→ Work instructions:
Please set down only the lines from the one containing "this 250×188 image." through the end of the entries below, exactly, minus any pictures.

→ Extracted records:
---------------

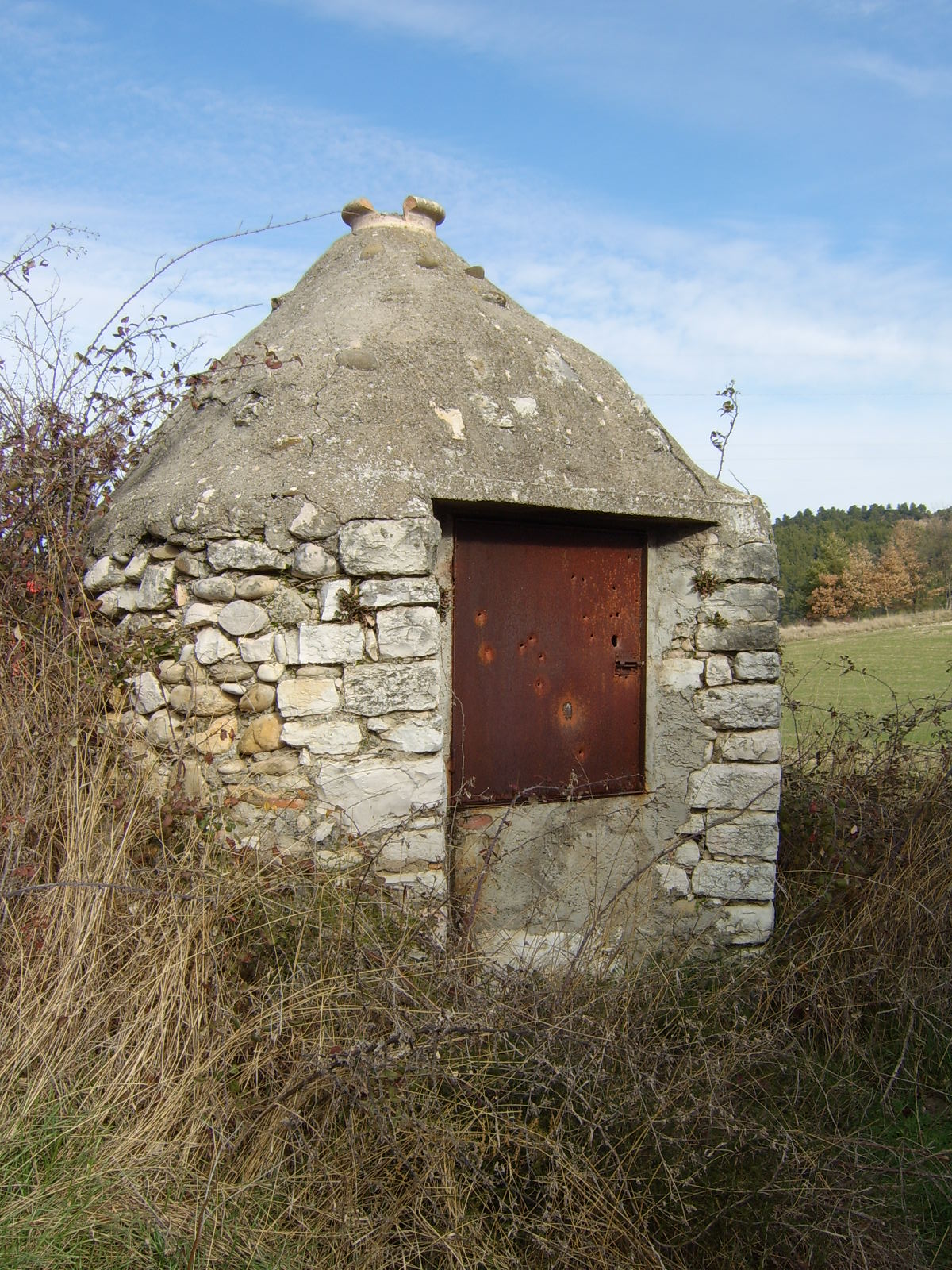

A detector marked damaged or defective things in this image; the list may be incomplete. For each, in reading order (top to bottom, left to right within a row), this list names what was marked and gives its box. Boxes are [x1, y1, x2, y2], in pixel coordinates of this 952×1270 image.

rusty metal door [451, 518, 650, 802]
rust stain on door [451, 518, 650, 802]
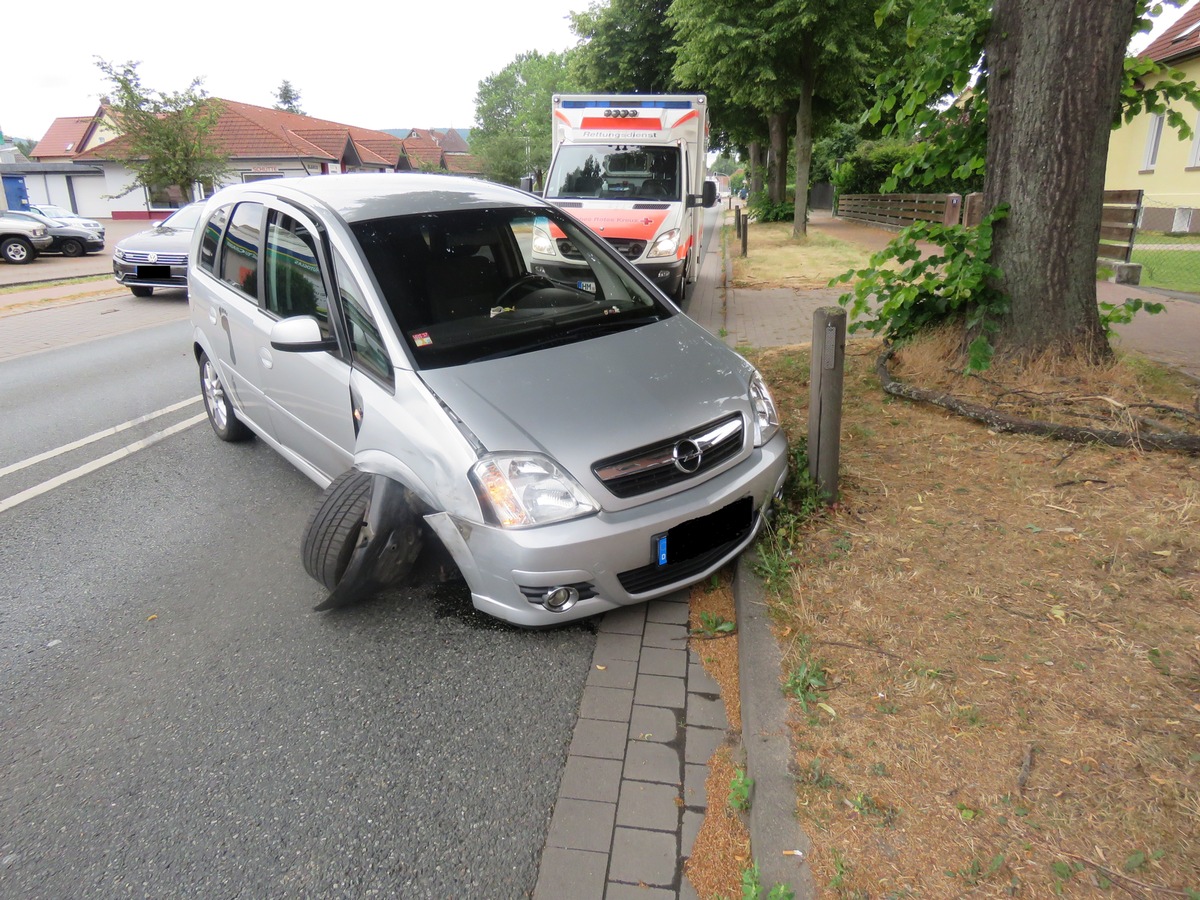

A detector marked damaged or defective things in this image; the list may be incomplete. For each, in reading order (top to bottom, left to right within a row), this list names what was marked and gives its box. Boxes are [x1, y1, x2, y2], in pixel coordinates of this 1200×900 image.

detached tire [302, 468, 372, 596]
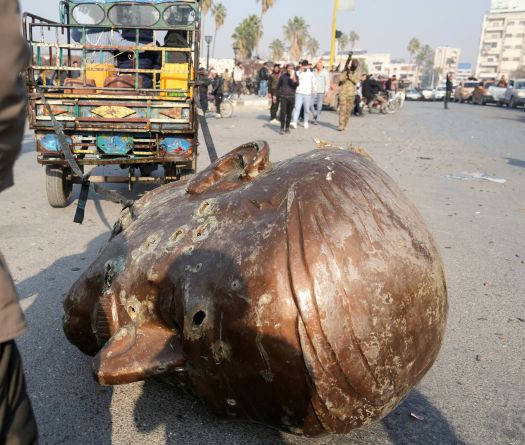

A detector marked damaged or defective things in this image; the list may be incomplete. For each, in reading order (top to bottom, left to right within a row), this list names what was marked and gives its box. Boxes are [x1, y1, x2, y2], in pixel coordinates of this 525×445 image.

damaged metal sculpture [62, 140, 446, 436]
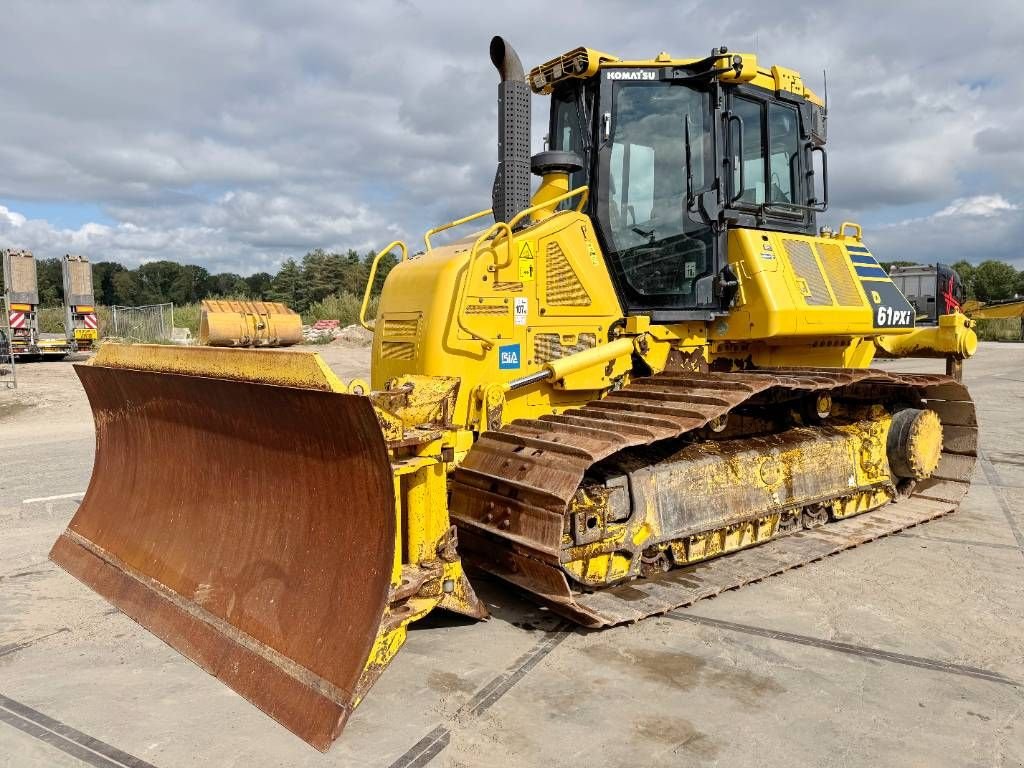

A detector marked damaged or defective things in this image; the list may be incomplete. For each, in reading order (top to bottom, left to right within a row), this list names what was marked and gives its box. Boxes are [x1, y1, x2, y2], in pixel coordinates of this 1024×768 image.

rusty bulldozer blade [50, 346, 398, 752]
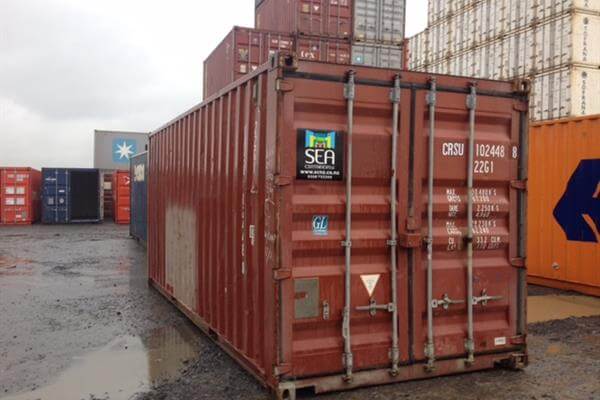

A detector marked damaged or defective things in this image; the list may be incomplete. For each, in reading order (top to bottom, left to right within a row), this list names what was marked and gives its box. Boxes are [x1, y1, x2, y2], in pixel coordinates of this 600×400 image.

rusty brown container [204, 26, 350, 99]
rusty brown container [254, 0, 352, 39]
rusty brown container [149, 55, 524, 396]
rusty brown container [528, 114, 596, 296]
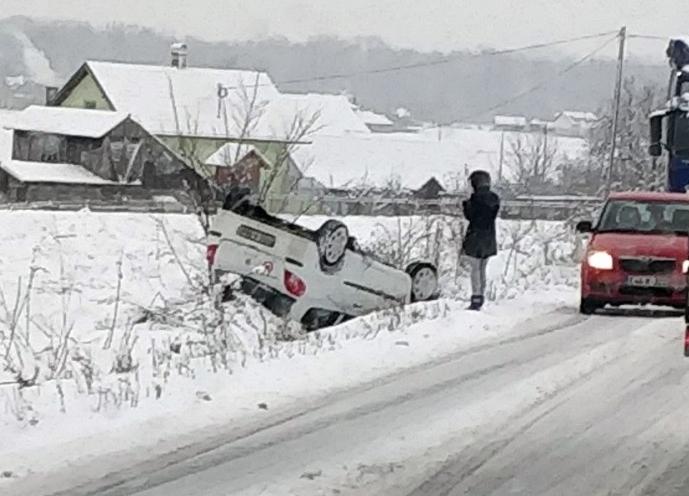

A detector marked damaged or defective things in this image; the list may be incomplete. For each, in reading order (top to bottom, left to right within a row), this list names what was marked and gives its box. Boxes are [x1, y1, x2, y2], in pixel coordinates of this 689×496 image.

overturned white car [207, 190, 438, 330]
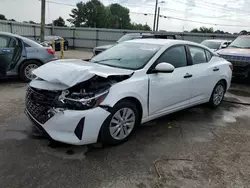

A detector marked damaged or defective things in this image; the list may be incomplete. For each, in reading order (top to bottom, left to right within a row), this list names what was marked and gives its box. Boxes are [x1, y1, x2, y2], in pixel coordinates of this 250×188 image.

crumpled hood [32, 59, 134, 88]
damaged front end [26, 74, 130, 125]
broken headlight [59, 89, 110, 110]
detached front bumper [25, 107, 109, 145]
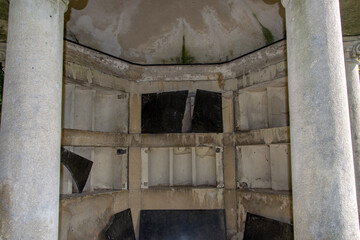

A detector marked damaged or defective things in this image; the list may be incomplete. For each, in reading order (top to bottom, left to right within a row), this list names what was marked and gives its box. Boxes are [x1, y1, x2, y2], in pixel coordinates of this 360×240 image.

damaged wall niche [59, 39, 292, 240]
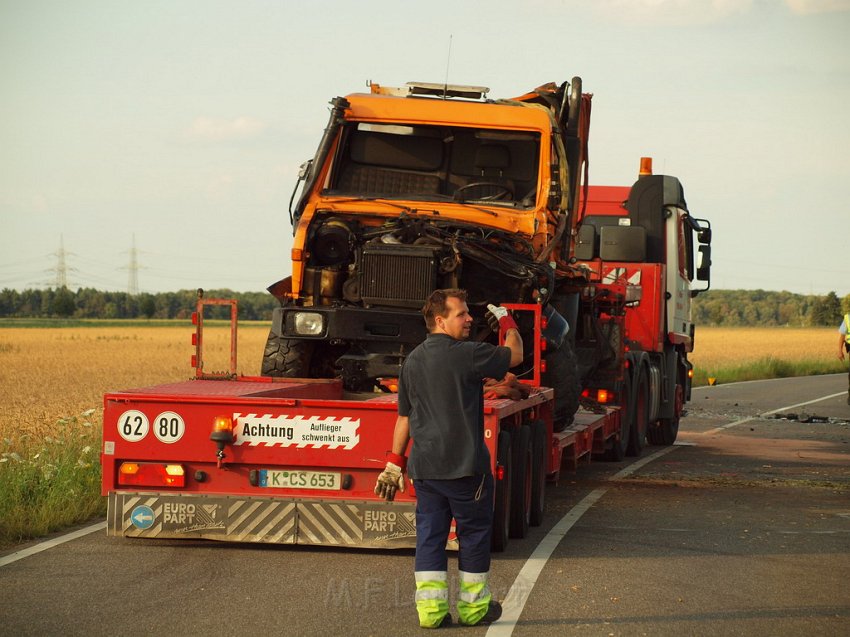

---------------

→ Solution to this problem:
A detector marked damaged or defective things in this image; the list may be incomplete. For each, in reading order (top to bottom, left to right within a row), this list names what was marked and gives its box. Boxes are [x1, y1, x2, y2], in pixel coordinates of this 250×188 image.

crumpled hood [32, 59, 134, 88]
damaged front end [26, 74, 130, 125]
broken headlight [59, 89, 110, 110]
detached front bumper [25, 107, 109, 145]

A detector marked damaged or defective things in this image; the list may be incomplete. For each, in reading order (top to bottom, left to right within a row), this list names what was marked and gives its box. Boxes are [x1, y1, x2, y2], in pixel coordinates of this 360×240 image.

damaged wall niche [59, 39, 292, 240]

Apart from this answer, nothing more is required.